» **Problem description**: From the line containing "NANLIY-M8X40MM Vidalar Yıldız" down to the line containing "Galaxy T-Shirts pour" in the records below, reproduce every line exactly, ends included, and omit all others.

» **Records supplied**:
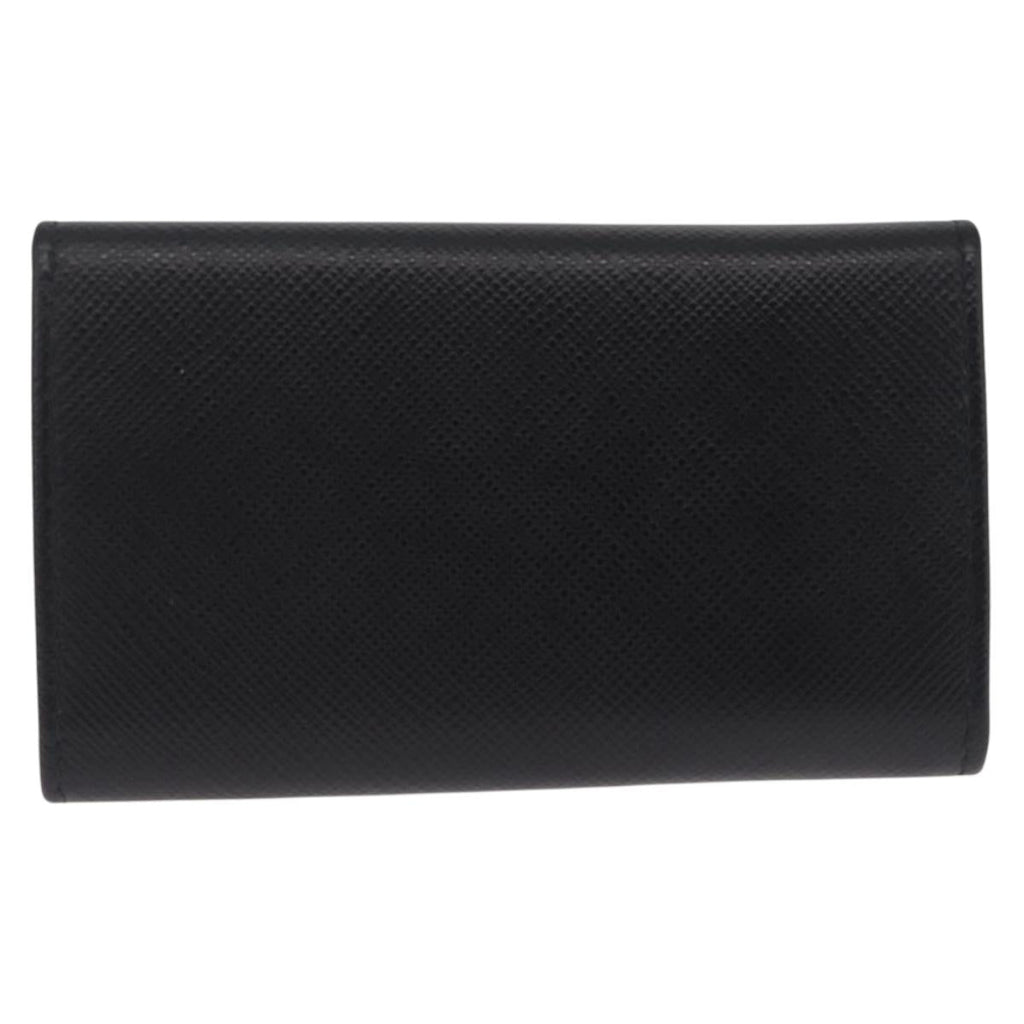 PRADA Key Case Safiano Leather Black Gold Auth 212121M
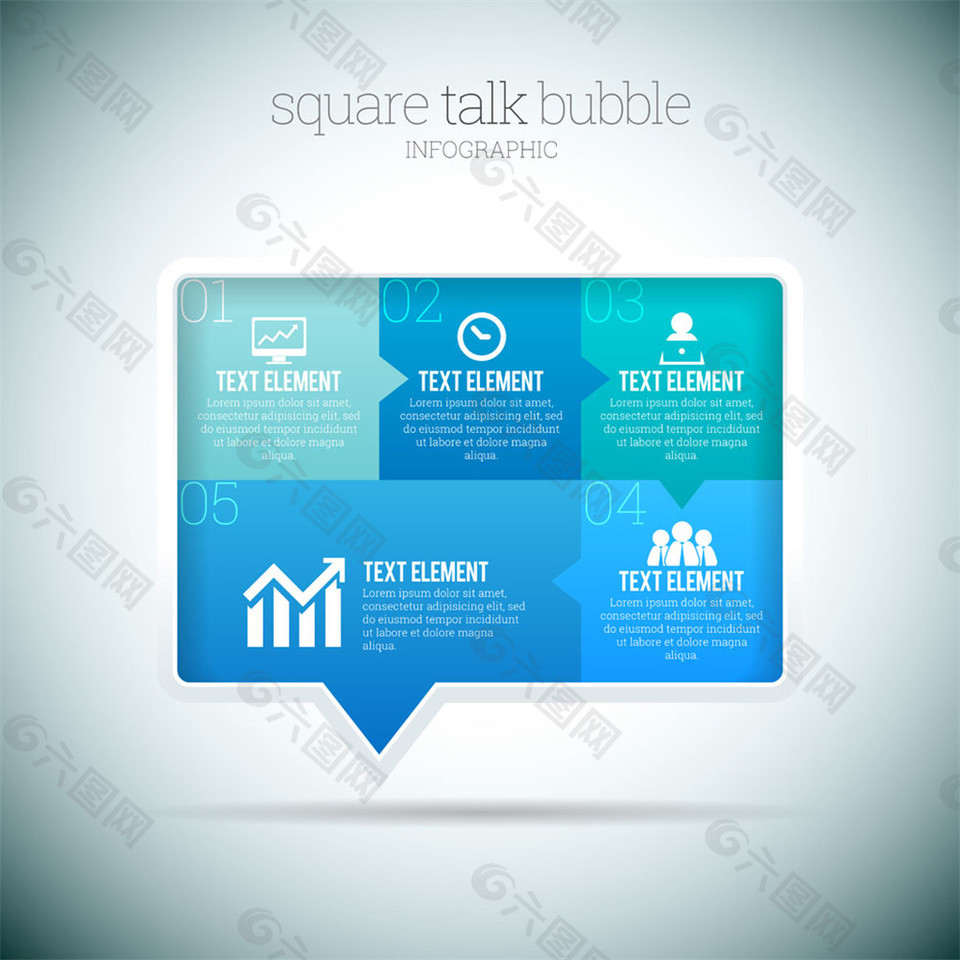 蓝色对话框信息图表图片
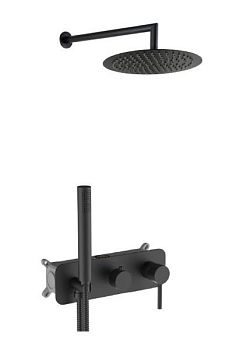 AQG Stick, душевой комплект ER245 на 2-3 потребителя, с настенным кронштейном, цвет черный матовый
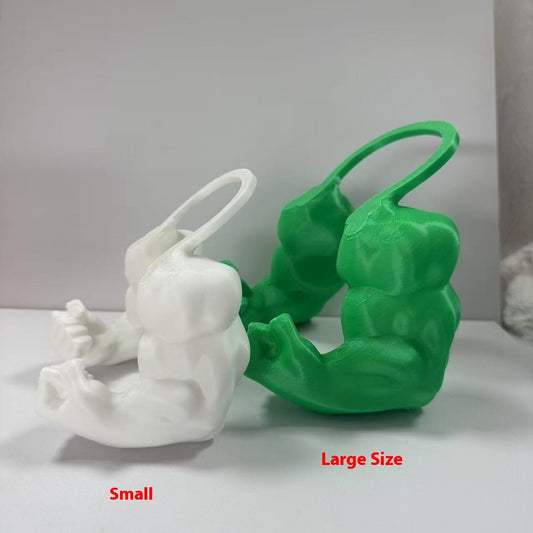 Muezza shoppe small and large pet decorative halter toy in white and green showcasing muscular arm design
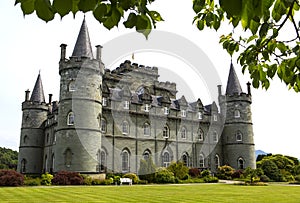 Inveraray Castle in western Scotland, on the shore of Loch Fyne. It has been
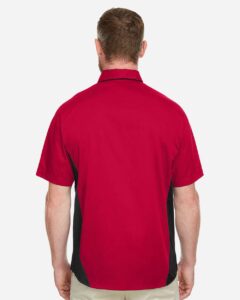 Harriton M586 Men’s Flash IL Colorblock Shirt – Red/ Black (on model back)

---

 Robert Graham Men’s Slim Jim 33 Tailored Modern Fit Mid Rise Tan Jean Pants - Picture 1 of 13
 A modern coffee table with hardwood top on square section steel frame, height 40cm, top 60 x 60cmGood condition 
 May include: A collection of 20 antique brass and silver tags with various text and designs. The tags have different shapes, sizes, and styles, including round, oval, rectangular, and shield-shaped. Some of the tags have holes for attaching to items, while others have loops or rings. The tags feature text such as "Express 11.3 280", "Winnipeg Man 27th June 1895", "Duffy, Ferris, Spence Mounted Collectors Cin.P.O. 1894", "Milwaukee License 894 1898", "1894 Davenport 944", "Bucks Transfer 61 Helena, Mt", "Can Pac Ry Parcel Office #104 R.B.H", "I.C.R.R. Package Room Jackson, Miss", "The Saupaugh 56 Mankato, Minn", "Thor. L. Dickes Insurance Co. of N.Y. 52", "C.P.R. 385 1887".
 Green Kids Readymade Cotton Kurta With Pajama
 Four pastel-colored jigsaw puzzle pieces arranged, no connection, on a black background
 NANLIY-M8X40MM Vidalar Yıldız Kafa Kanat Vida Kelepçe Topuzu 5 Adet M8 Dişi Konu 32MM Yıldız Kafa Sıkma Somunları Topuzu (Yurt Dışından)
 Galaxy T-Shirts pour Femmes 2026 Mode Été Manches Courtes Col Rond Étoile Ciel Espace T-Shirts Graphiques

==

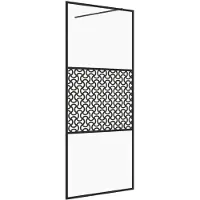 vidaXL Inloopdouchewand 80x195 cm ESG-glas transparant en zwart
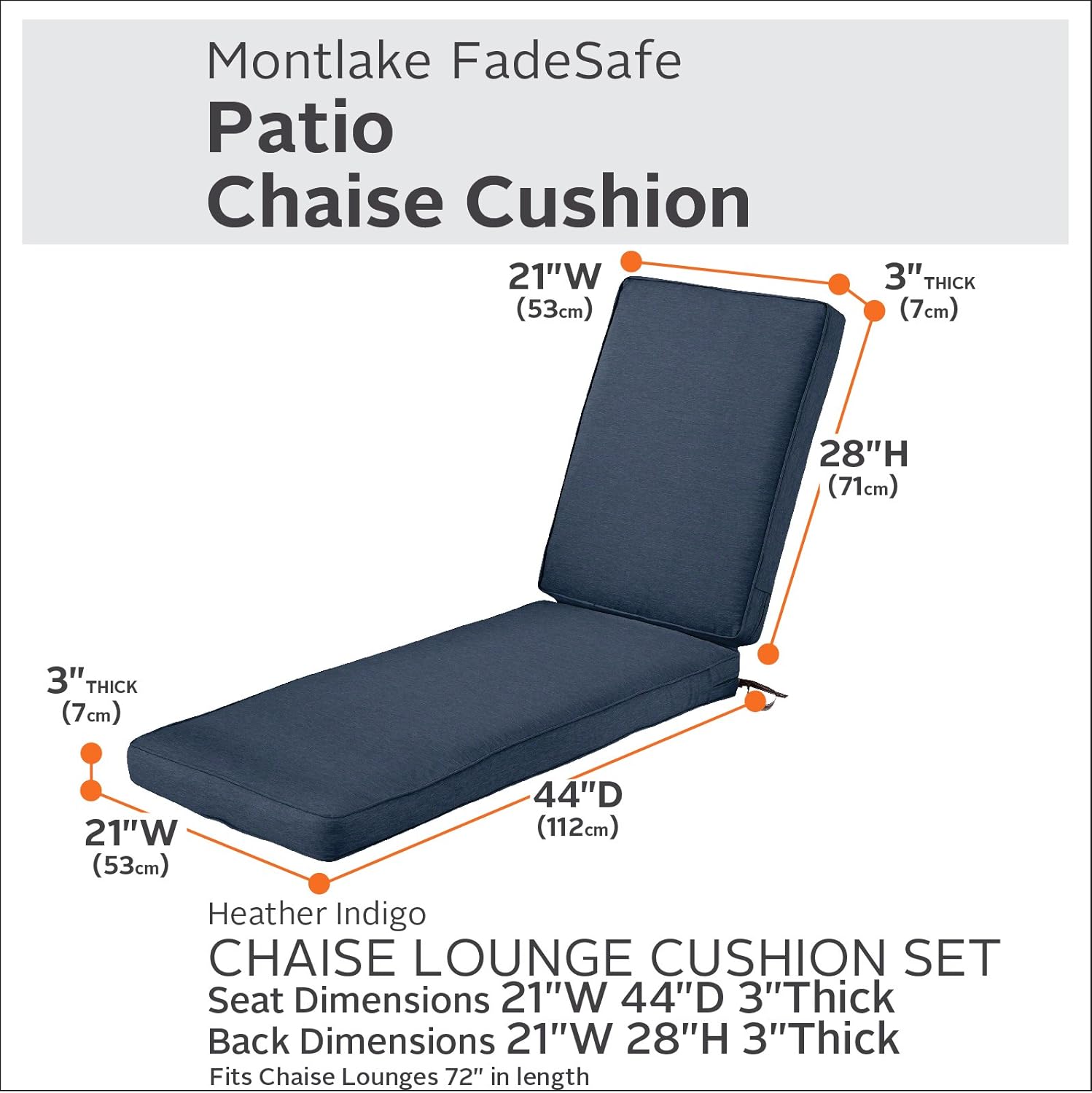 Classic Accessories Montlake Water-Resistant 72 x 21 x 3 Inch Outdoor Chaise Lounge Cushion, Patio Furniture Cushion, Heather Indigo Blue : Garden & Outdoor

» **Task solution**:
 NANLIY-M8X40MM Vidalar Yıldız Kafa Kanat Vida Kelepçe Topuzu 5 Adet M8 Dişi Konu 32MM Yıldız Kafa Sıkma Somunları Topuzu (Yurt Dışından)
 Galaxy T-Shirts pour Femmes 2026 Mode Été Manches Courtes Col Rond Étoile Ciel Espace T-Shirts Graphiques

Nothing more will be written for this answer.